The arms race was part of the Cold War. The US had developed the atomic bomb during World War II and had used it on Japan. The Soviet Union recognized that this was a very dangerous weapon and went to all lengths to develop their own. Soon, the US was developing more powerful weapons and the Soviet Union followed suit. This race led to the Mutual Assured Destruction doctrine (the apt acronym is "MAD"), where it was alleged that peace could be maintained if both sides knew that they and their enemies would both be destroyed. 

The space race was also part of this. When the Soviet Union launched a satellite in 1955, the US recognized that this could potentially become a new weapon. This eventually led to the race to the moon, which the US won in 1969. 

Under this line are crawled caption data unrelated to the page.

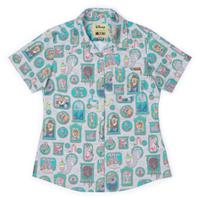 RSVLTS Mammal Metropolis Women's KUNUFLEX Short Sleeve Shirt in Gray — detail 7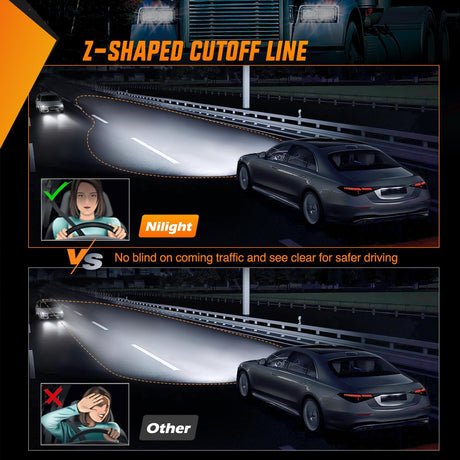 4x6Inch LED Hi/Lo Sealed Beam Headlights 60W H4651 H4652 H4656 H4666 H6545 Silver 4Pcs Nilight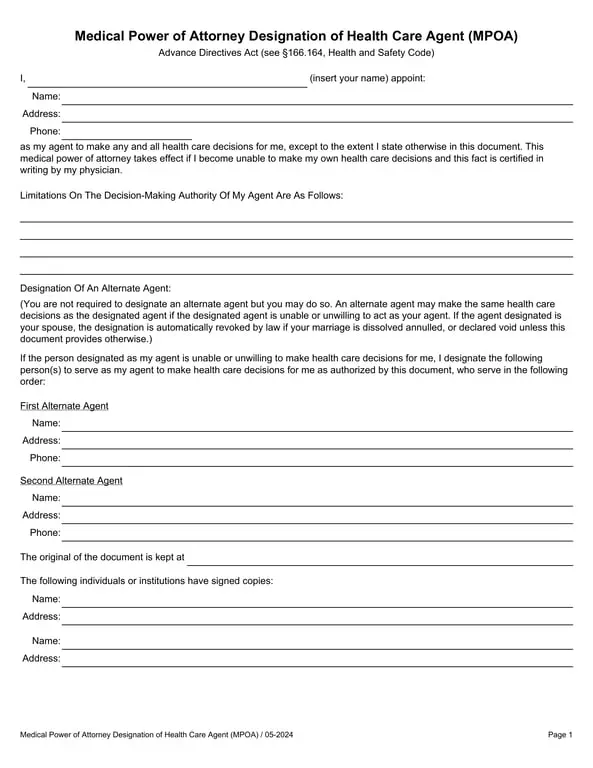 Medical Power of Attorney Designation of Health Care Agent MPOA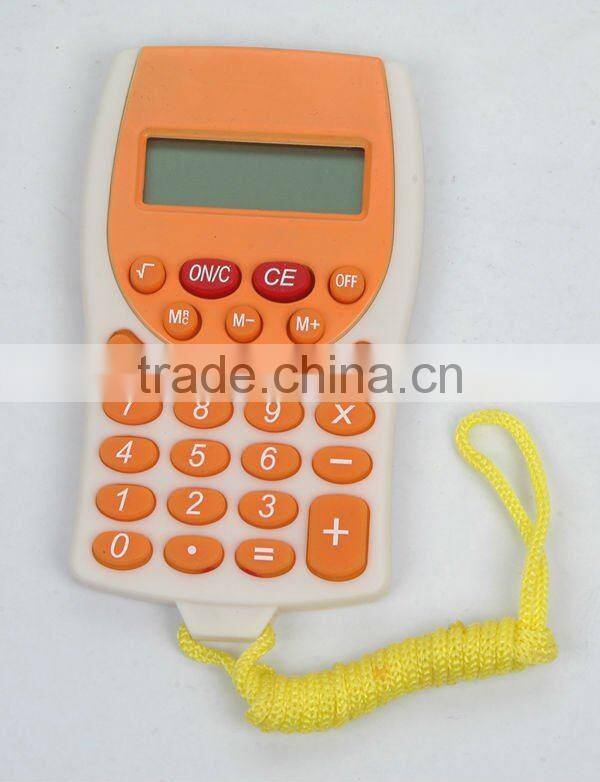 Desktop different colors plastic pocket electronic calculator with lanyard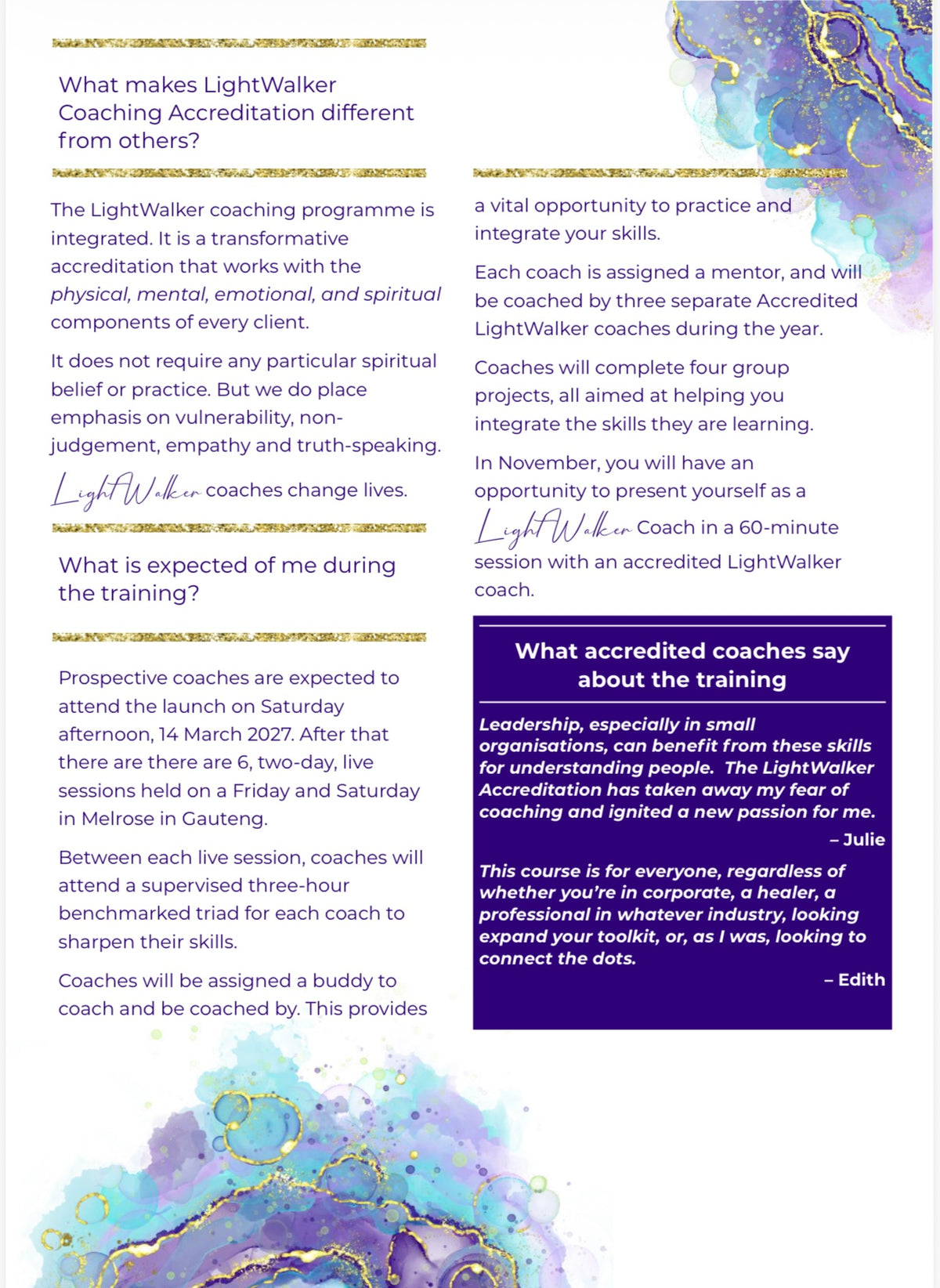 Accredited LightWalker Coaching programme 2027 INFORMATION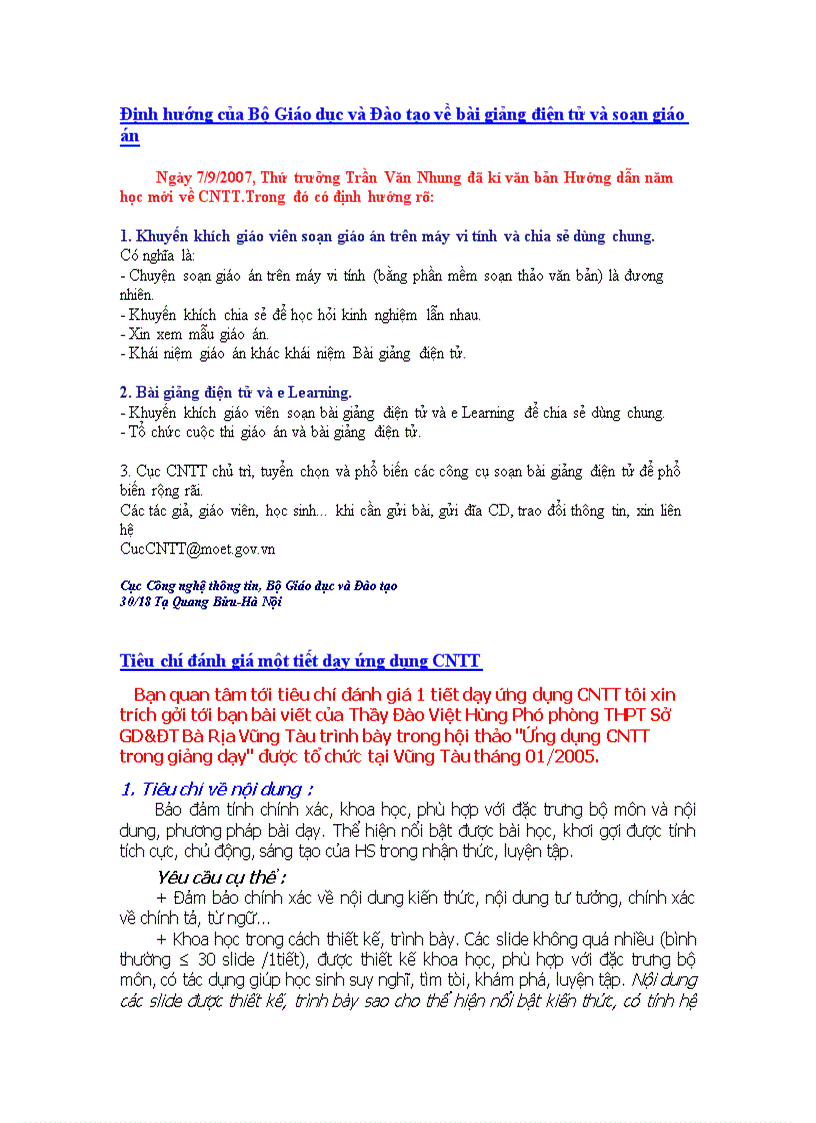 Định hướng của Bộ Giáo dục và Đào tạo về bài giảng điện tử và soạn giáo án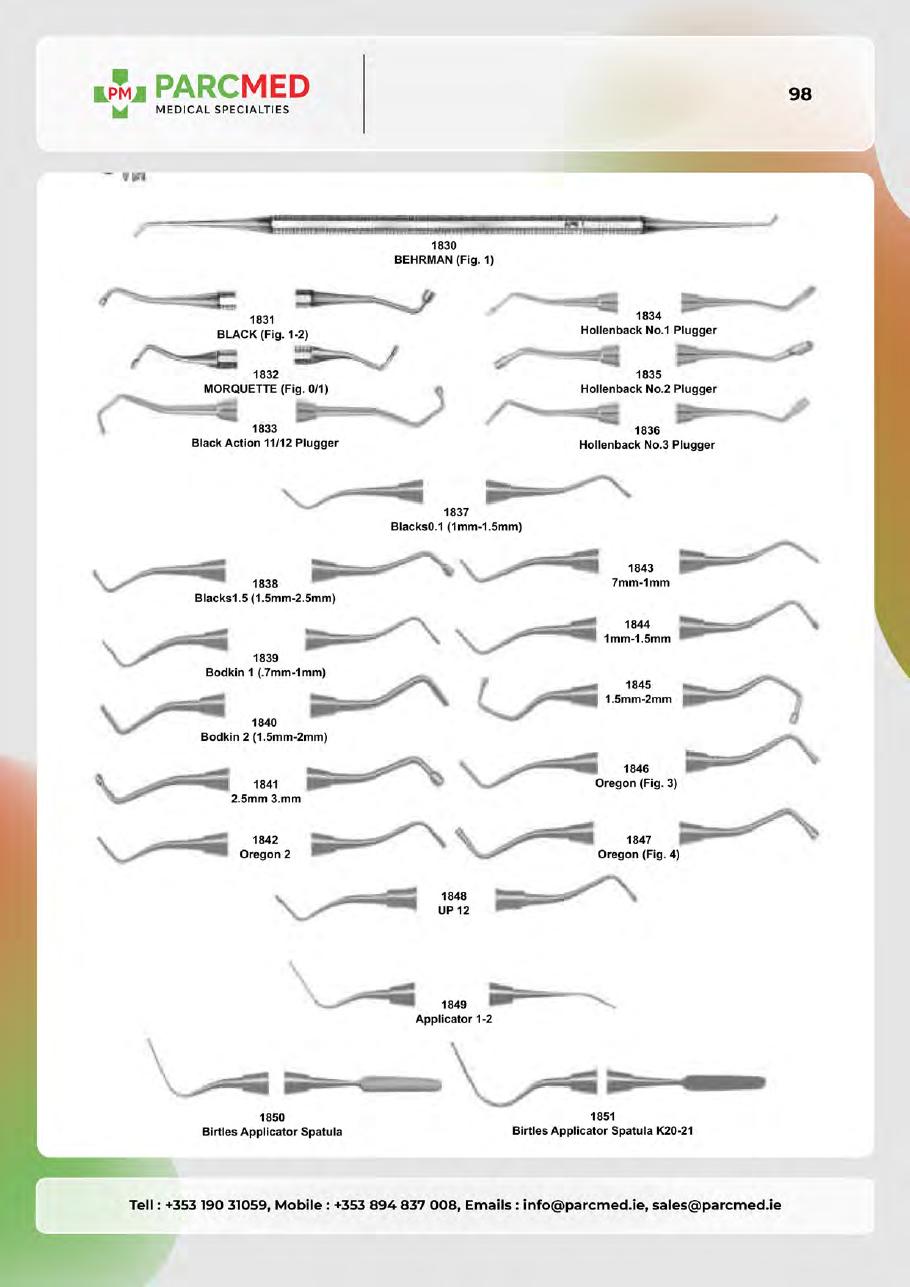 Amalgam Pluggers, Condensers & Burnishers - Catalogue Page 98
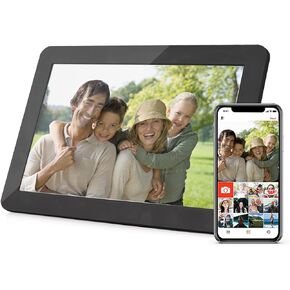 إطار صور رقمي Andoer Frameo WiFi، إطار صور رقمي ذكي مقاس 10.1 بوصة - تحكم باللمس، تدوير تلقائي، مشاركة التطبيق، 16 جيجابايت، واي فاي، سحاب، مع حامل للعائلة والأصدقاء in Kuwait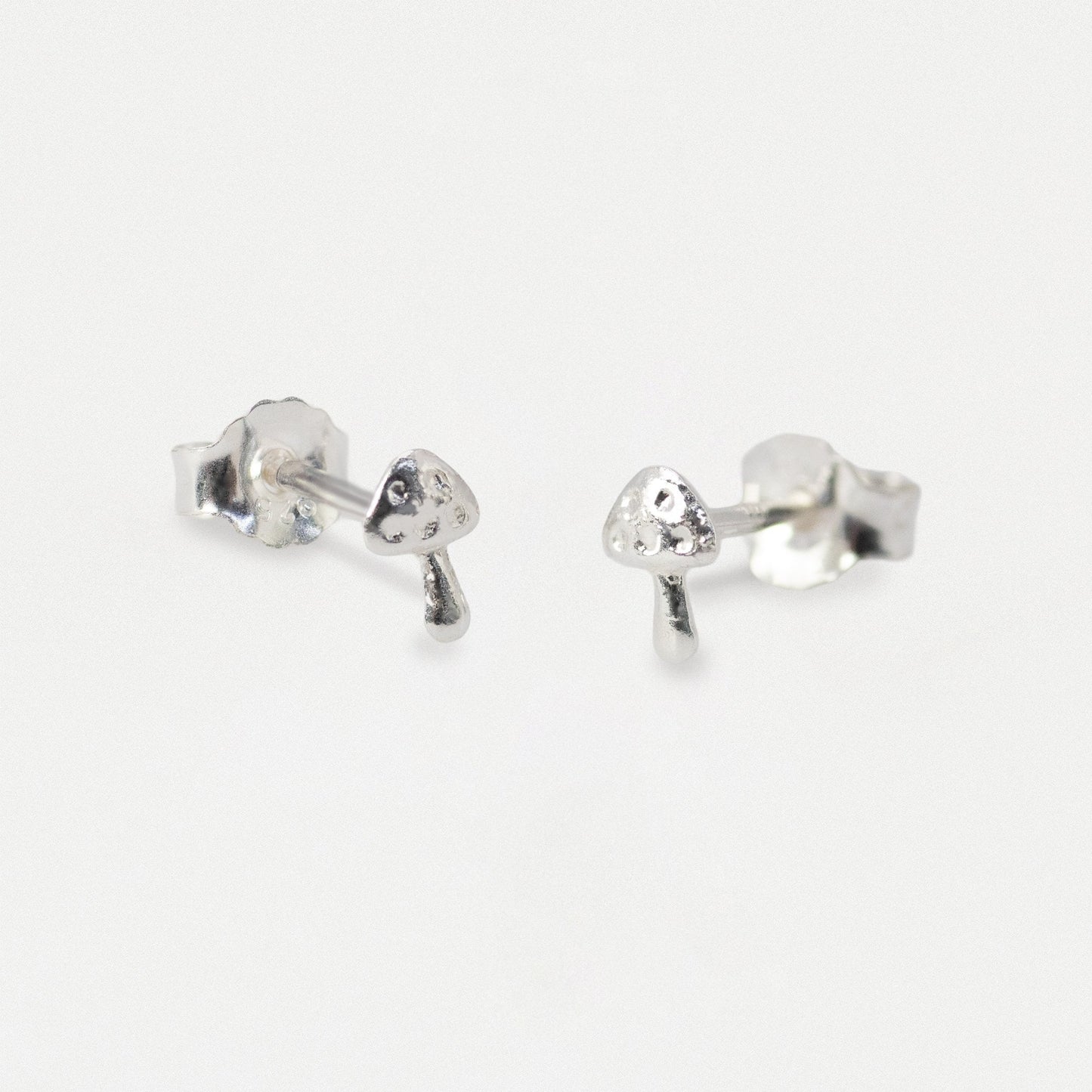 Silver Micro Mushroom Ear Studs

The arms race was distressing for many Americans. In the early days, the US government hid the fact of radiation effects and launched the famous "duck and cover" campaign where school children were instructed to get under their desks in the event of nuclear war. Later, public fallout shelters were created and the signs for them (see file) became a common sight. People even created bunkers and fallout shelters in their basements or back yards. 

The response to the space race was more positive as the US cheered their "team" onto victory. President Kennedy made a speech setting the goal of landing a man on the moon in the next decade and after Kennedy's assassination, President Johnson carried on that commitment. NASA embarked upon this ambitious goal by creating a series of missions that taught them what they needed to know in order to put a human being on the moon. Even though the space race was also about weapons, it was also about meeting a challenge and it was a less fearful experience than the arms race. 

The space race was abandoned after awhile and the Soviet Union disintegrated, ending the Cold War. The world switched from battles between giants to the David and Goliath of terrorism, where small groups of people learned how to disrupt the workings of large countries. MAD did not lead to peace, although the International Space Station brings nations together to work on science.